Qualcomm shares a random list of ‘Android firsts’ on the eve of the iPhone X launch
While Samsung, LG and Xiaomi have managed to make headlines in the weeks and even days leading up to probably the biggest iPhone launch in history, today’s the day Apple completely captures the spotlight.
Going forward, Cupertino’s direct rivals don’t have much choice in terms of marketing strategies and publicity stunts for the next few months at least. They can try to undercut the iPhone X, ridicule it or simply ignore it and accept its inevitable prevalence, settling for a still-profitable silver medal, bronze, and so forth.
Technically, Qualcomm isn’t engaged in combat with iPhones, Apple Watches or iDevices of any sort. But the San Diego-based semiconductor giant is about to lose its largest royalty contract for good.
In order to retain some part of the current licensing fees system, Qualcomm has sued Apple back in several domestic and international courts, going so far as to (unrealistically) seek various iPhone sales bans.
The latest move against the old ally turned foe all of a sudden is way more subtle and less spiteful, though it still screams desperation. Qualcomm wants the attention of the media mere hours ahead of the iPhone X announcement, listing a number of “Android firsts” enabled by the American chipmaker.
Now, Apple’s name isn’t mentioned anywhere in this random new OnQ blog post, but its timing can’t be coincidental. It’s also probably no coincidence that many of these technologies inaugurated on Qualcomm-powered Android devices are likely to expand to iOS at last.
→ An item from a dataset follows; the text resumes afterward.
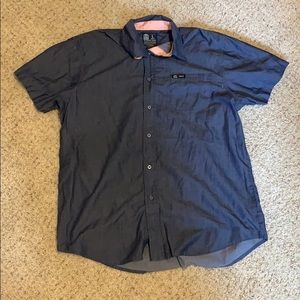 Taco Bell denim shirt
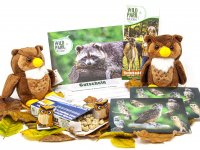 Wildpark Müden - Geschenkset Eule MAX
For instance, the “bezel-less design”, credited as Xiaomi’s invention, augmented reality, featured by the Lenovo Phab 2 Pro first, facial recognition, built into the Samsung Galaxy S8, and the OLED display, introduced on the… LG Flex 2?! That’s not right, and the as-yet unreleased LG V30 is also hardly among the world’s fast charging pioneers.
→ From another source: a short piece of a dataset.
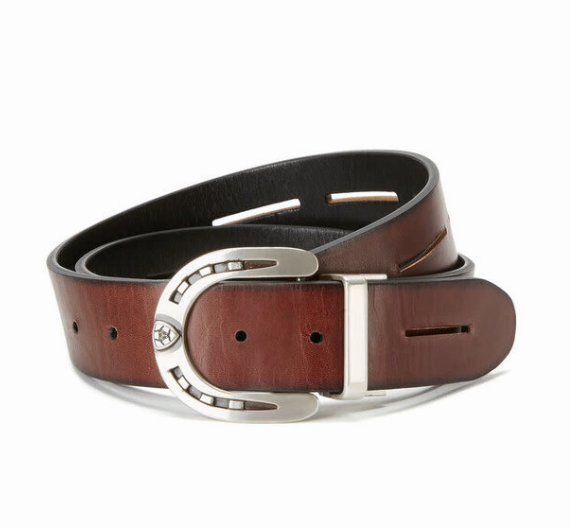 Ariat Regal Reversible Belt - Black/Brown (Women's)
Qualcomm embarrassingly listed the HTC One M7 as a dual camera groundbreaker too before realizing its mistake, and this inexplicably poor research kind of overshadows the point the company was trying to make.
Besides, it’s a known fact that Apple likes to refine innovative technologies before rolling them out to the masses rather than “paving the way for others” and risking early adopter glitches.